▶ [MATERIAL SUPPLIED]
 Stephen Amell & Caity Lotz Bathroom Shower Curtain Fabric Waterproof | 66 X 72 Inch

* * *

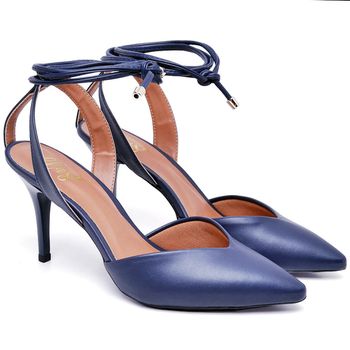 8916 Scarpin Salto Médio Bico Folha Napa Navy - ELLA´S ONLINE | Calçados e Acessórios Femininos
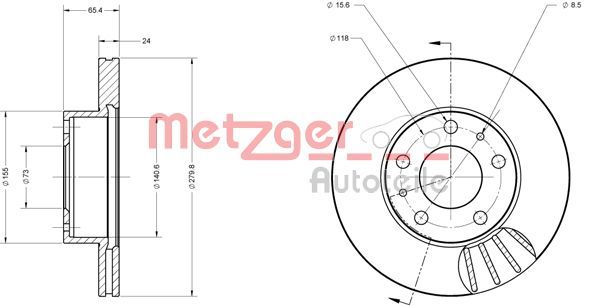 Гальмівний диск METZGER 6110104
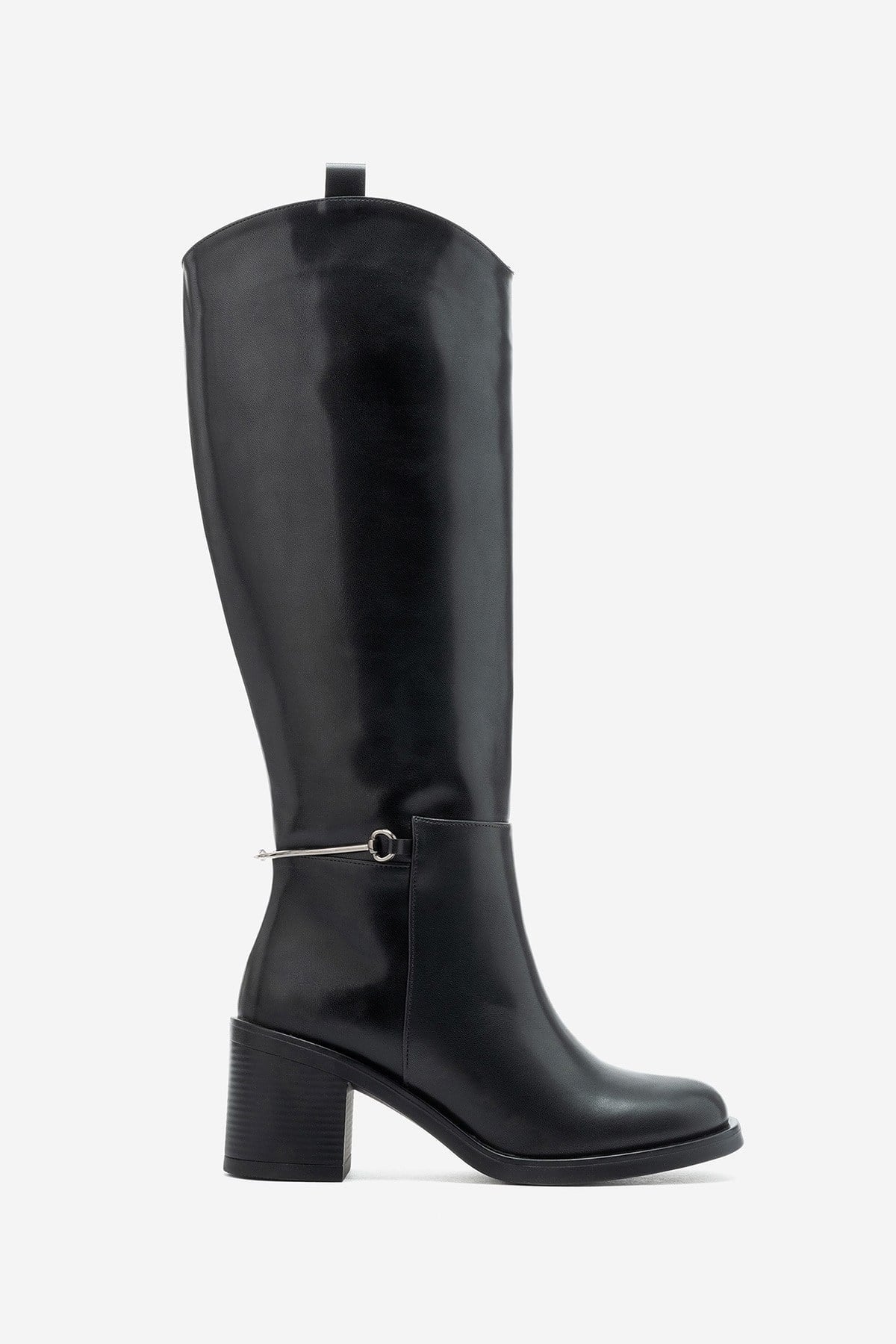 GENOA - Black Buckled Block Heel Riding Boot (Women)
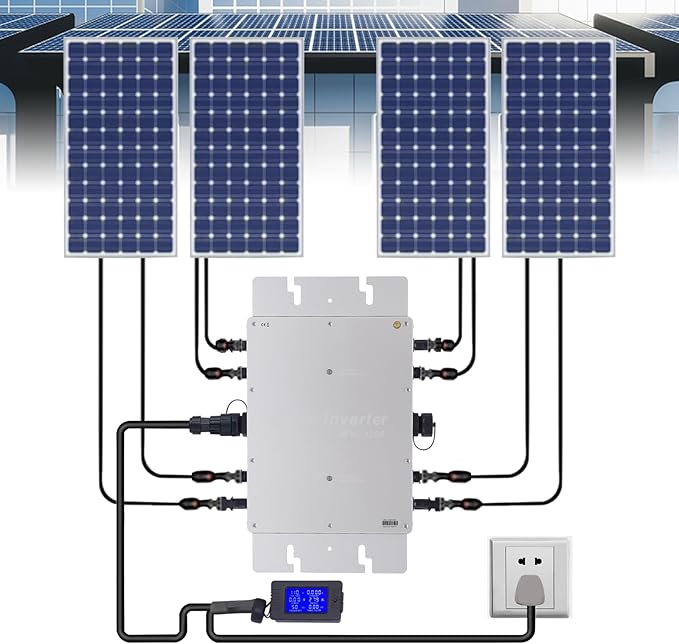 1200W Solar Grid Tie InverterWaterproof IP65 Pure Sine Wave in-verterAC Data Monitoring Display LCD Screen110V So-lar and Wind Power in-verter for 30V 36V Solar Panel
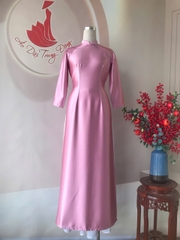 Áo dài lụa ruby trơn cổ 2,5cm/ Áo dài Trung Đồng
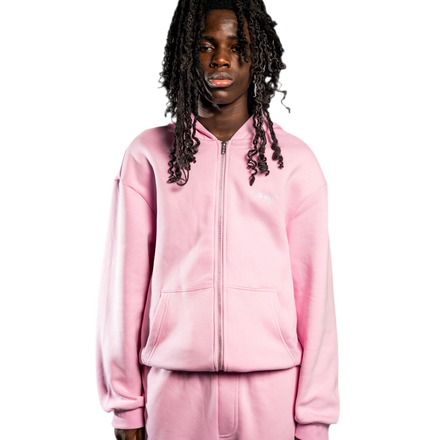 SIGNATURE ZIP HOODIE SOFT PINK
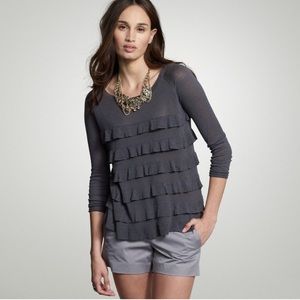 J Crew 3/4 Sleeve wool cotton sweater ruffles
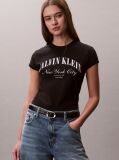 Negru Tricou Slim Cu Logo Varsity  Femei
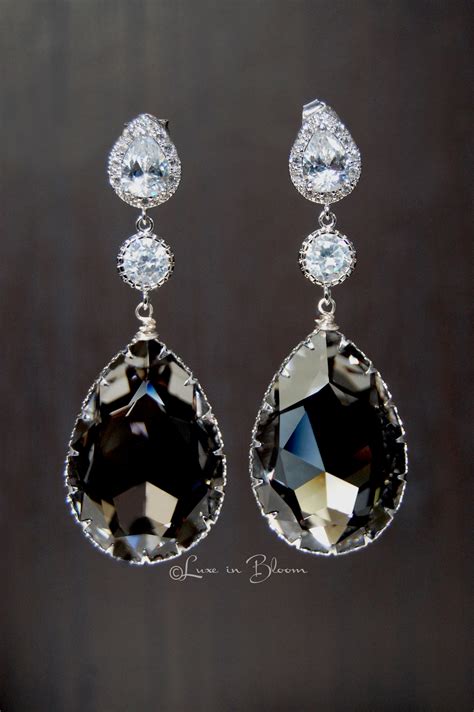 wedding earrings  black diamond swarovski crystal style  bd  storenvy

==

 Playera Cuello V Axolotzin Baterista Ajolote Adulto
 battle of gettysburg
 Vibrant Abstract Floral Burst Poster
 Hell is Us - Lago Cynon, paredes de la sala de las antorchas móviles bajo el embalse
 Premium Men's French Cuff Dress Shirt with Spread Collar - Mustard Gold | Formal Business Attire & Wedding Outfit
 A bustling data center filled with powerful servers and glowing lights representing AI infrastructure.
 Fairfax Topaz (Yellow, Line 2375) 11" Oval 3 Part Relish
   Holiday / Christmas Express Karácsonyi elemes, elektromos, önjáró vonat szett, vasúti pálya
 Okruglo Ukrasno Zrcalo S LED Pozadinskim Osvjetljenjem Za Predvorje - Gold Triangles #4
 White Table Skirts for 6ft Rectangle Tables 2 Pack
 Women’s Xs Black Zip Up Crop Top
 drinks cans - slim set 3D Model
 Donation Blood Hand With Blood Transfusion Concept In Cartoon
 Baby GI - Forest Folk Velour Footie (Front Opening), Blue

▶ [TASK DETAILS]
Only the lines between the one with "1200W Solar Grid" and the one with "black diamond swarovski", those two included, get copied from the material above. Keep it exact and free of pictures.

▶ [ANSWER FOR THE TASK]
 1200W Solar Grid Tie InverterWaterproof IP65 Pure Sine Wave in-verterAC Data Monitoring Display LCD Screen110V So-lar and Wind Power in-verter for 30V 36V Solar Panel
 Áo dài lụa ruby trơn cổ 2,5cm/ Áo dài Trung Đồng
 SIGNATURE ZIP HOODIE SOFT PINK
 J Crew 3/4 Sleeve wool cotton sweater ruffles
 Negru Tricou Slim Cu Logo Varsity  Femei
 wedding earrings  black diamond swarovski crystal style  bd  storenvy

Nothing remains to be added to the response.